- DVD cover
- Based on: Vanity Fair by William Makepeace Thackeray
- Screenplay by: Rex Tucker
- Directed by: David Giles
- Starring: Susan Hampshire
- Music by: Douglas Gamley (unknown episodes)
- Original language: English

Production
- Producer: David Conroy
- Running time: 5x1 hour

Original release
- Network: BBC
- Release: 2 December – 30 December 1967

= Vanity Fair (1967 TV serial) =

Vanity Fair is a BBC television drama serial adaptation of William Makepeace Thackeray's 1848 novel of the same name broadcast in 1967. It was the first drama serial in colour produced by the BBC. Vanity Fair starred Susan Hampshire as Becky Sharp. The serial was also broadcast in 1972 in the US on PBS television as part of Masterpiece Theatre, and Hampshire received an Emmy Award for her portrayal in 1973.

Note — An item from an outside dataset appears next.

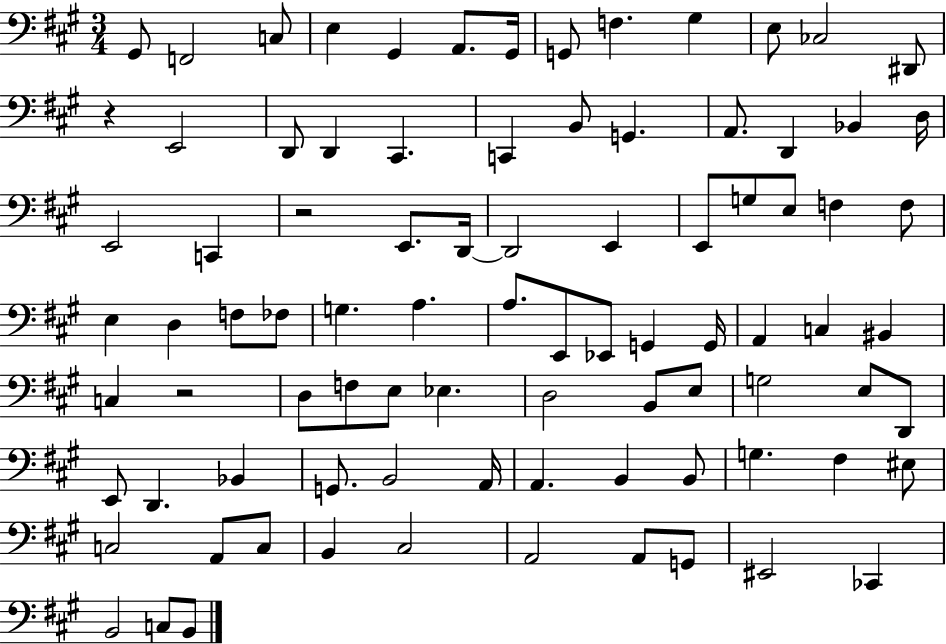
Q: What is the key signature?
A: A major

This was the second of four television adaptations of Vanity Fair produced by the BBC; other serials had been transmitted in 1956/57, in 1987, and in 1998.

==Plot summary==
For a full-length summary of the book, see: Vanity Fair plot summary.

==Episodes==

| Episode | Title | Run Time | BBC Air Date | US Air Date |
|---|---|---|---|---|
| Part One | The Famous Little Becky Puppet | 41:11 | 2 Dec 1967 | 1 Oct 1972 |
| Part Two | The Dragoon | 44:05 | 9 Dec 1967 | 8 Oct 1972 |
| Part Three | The Celebrated Battle Scene | 44:15 | 16 Dec 1967 | 15 Oct 1972 |
| Part Four | The Wicked Nobleman | 44:31 | 23 Dec 1967 | 22 Oct 1972 |
| Part Five | Vanitas Vanitatum | 44:19 | 30 Dec 1967 | 29 Oct 1972 |

==Cast==
- Susan Hampshire as Becky Sharp
- Dyson Lovell as Rawdon Crawley
- Bryan Marshall as Captain Dobbin
- Marilyn Taylerson as Amelia Osborne
- Roy Marsden as George Osborne
- John Moffatt as Jos Sedley
- Barbara Couper as Miss Matilda Crawley
- Barbara Leake as Mrs. Sedley
- Michael Rothwell as Pitt Crawley
- Deddie Davies as Lady Crawley
- Howard Taylor as Horrocks
- John Welsh as Sir Pitt Crawley
- Mark Allington as Ensign Stubble
- Thelma Barlow as Miss Briggs
- Richard Caldicot as Mr. Osborne
- Robert Flemyng as Lord Steyne

==Awards==
- 1973: Emmy Award - Outstanding Continued Performance by an Actress in a Leading Role (Drama/Comedy - Limited Episodes) - Susan Hampshire.

==DVD==
This adaptation is now available on DVD, distributed by Acorn Media UK.